Egr. Direttore,
oggi l’astensionismo è il primo partito ovunque in Europa. In Italia è caduto l’obbligo di partecipare al voto ed oggi votare è un diritto ma non più un dovere. L’astensione di oggi non è qualunquismo tradizionale ma astensione mobile e tattica, talvolta interessata e strumentale. Ed è nell’alveo di questo fenomeno che registriamo politici di rango nazionale, perlopiù meridionalisti, spinti da interessi di partito o per legittimazione personale lanciare propositi di astensione per il prossimo referendum lombardo. Confermato anche da numerosi studi internazionali, le democrazie moderne funzionano con tassi di presenza molto bassi, pertanto viene da pensare che la smisurata partecipazione politica al referendum spagnolo, seppur non propriamente elettorale tenuto conto delle intimidazioni del governo, possa essere ricondotta a follia evangelica. Invece è l’espressione di volontà di intervento nella vita politica ed economica dei cittadini dei territori lontani dal centro secondo i presupposti del più alto principio di sussidiarietà.

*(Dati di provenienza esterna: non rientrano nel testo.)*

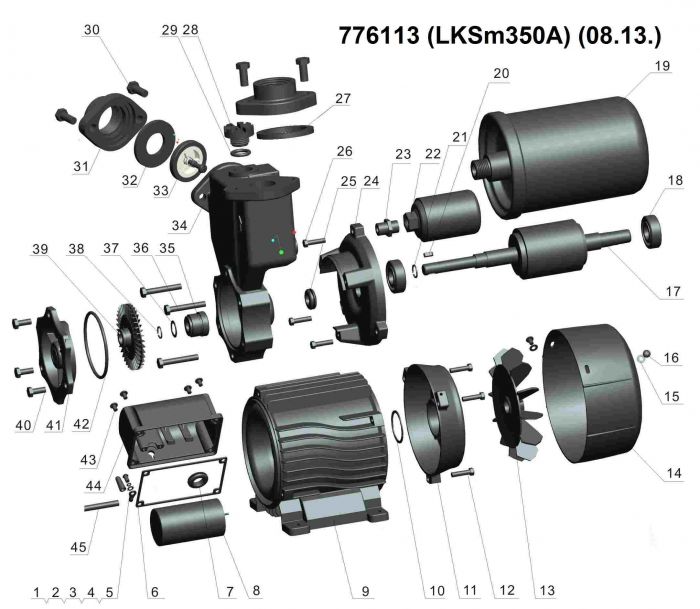 Станція 0.35кВт Hmax 35м Qmax 40л/хв (вихровий насос) 1л LEO LKSm350A (776113)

Partecipare al referendum della Lombardia del prossimo 22 Ottobre, è il tentativo di proporre un radicale mutamento di prospettiva nel modo di concepire il territorio, un nuovo sguardo contro l’incuria e l’inazione, l’occasione per attuare nuove riforme, per disporre di ragguardevoli risorse al fine di fornire servizi migliori ed appunto raggiungere le decisioni sostanzialmente nel livello più vicino ai cittadini laddove questo sia in grado di svolgerli meglio del livello superiore.
Pertanto che siate inattivi, conformisti, riformisti, attivisti o protestatari questo momento è irripetibile. Nessuna lamentela, protesta, recriminazione o tono seccato potrà perdonare e legittimare il nostro disinteresse o apatia al voto. Perché questa volta, come sottolinea il responsabile al referendum lombardo Gianni Fava: “Ci stanno rubando i soldi del nostro lavoro. Chi non va a votare è complice di chi ci ruba i soldi”.